Though about it some more, I'll go full autistic on this idea and what's the potential problem with it:
First of all the question of what kind of learning we use here, you can have raw input (basically a map with the units on screen), or have someone make that input into some hyper parameters (like have enemy clustering or number of small formations as a dedicated number).
Considering you want to have a player-dedicated AI (rather than one made from aggregated multiple users), learning raw input is completely infeasable unless you want the player to play thousands of games (since more free elements -> higher amount of things to optimize). And that's without going into the fact that we still struggle to make a car AI that doesn't randomly run over people. Things like formation is far harder to put into programming than the average person thinks.
So with this hyper parameters you now need a way to optimize them, which means a value function of win/tie/lose. Now the vast majority of players will not want to play a game they lose too much, so you can't start the game in a position the pc can curbstomp the player. So the best way to optimize it is by some heuristic like the amount of damage inflicted to the player. There are ton of heuristics and you can fuck yourself hard if you do it wrong. For example, if the game has a single point the AI needs to destroy to win the game, but the heuristic is amount of damage to building, then you'd have an AI that ignores the target goal and waste time destroying barricades (since more damage -> higher score). This also has another problem which I'll go into it later.

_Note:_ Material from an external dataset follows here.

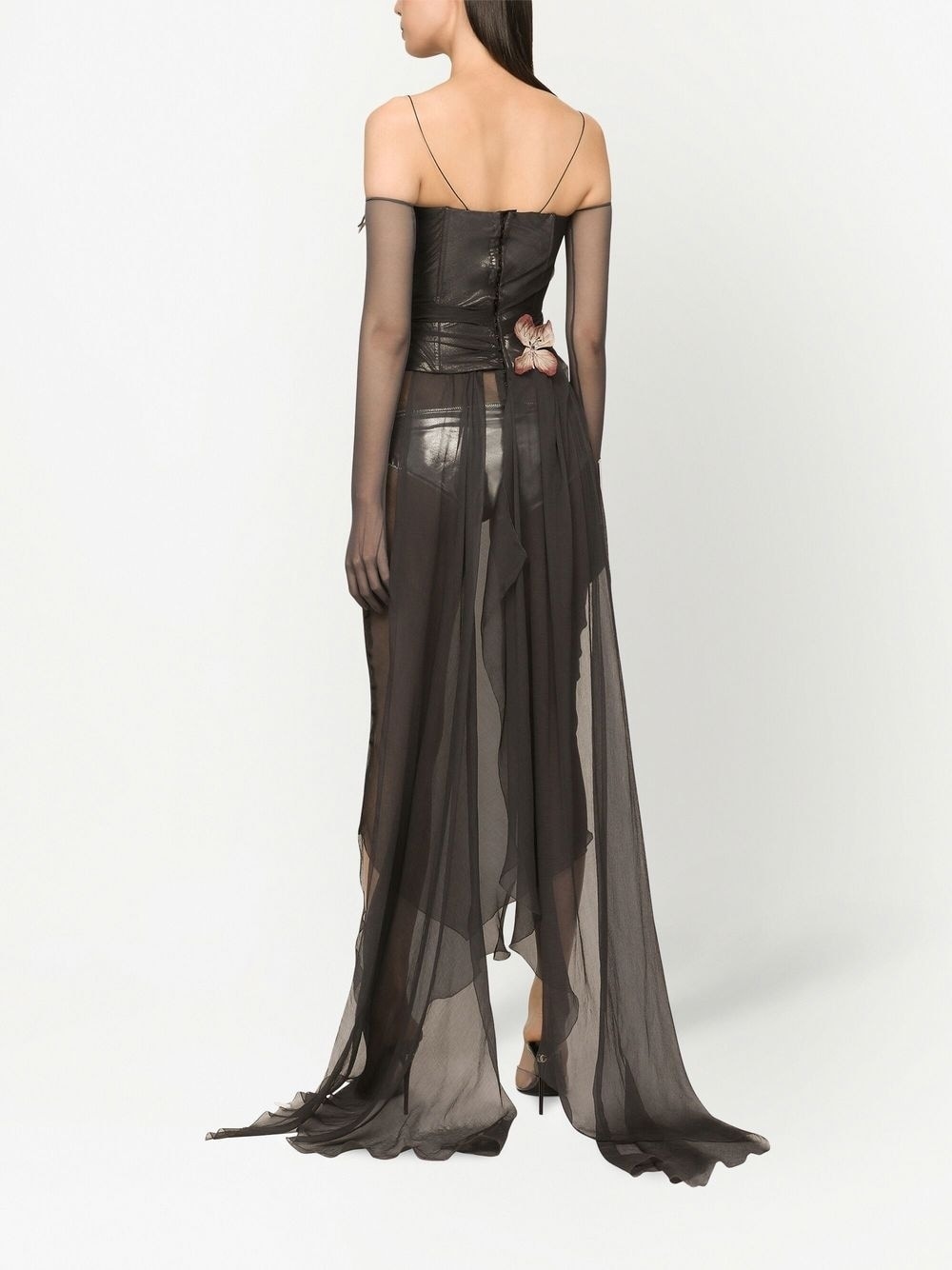 KIM DOLCE&GABBANA appliqué detail contrasting-panel dress - 4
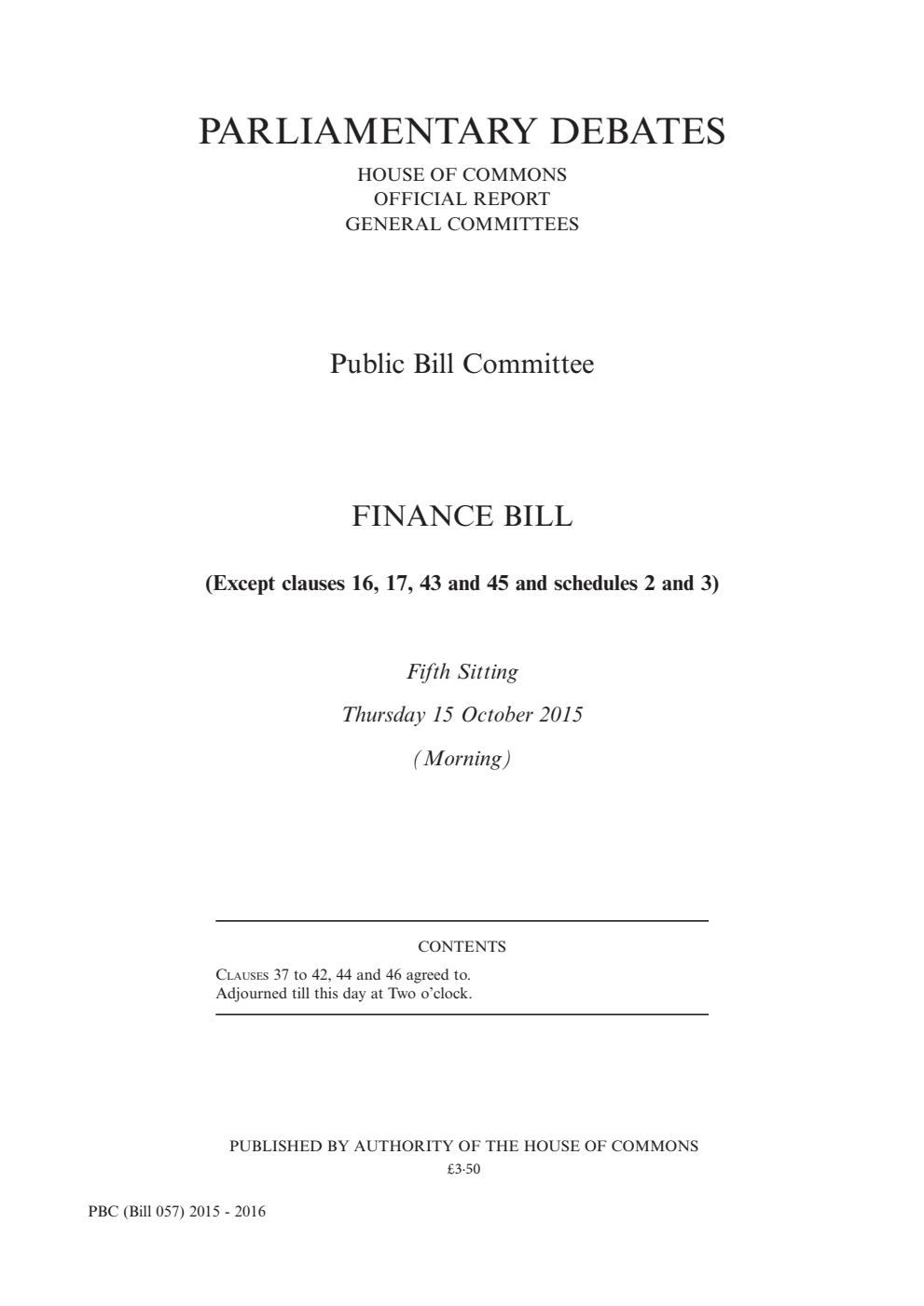 Finance Public Bill Committee 5th Sitting 15th October 2015 AM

So a potential game can have multiple waves of zombies attacking the player, each wave with its own AI. This will give you some amount of sample to optimize on (which would take a millisecond between rounds), but here's another problem, if one wave wrecked the player's shit and the next one beats what's left of his forcees, then you'll have the latter wave be more important than the former, which is incorrect and will lead to wrong optimization. You also want the game to still be fun and functional, so you need to watch out of cases where the AI basically fucks off and the player needs to wait for something to happen.
Finally there's a user problem, which is summarized with this clip:
The player can basically cheese the entire process and have the shittiest AI be considered as the best one by the heuristic and completely break the game.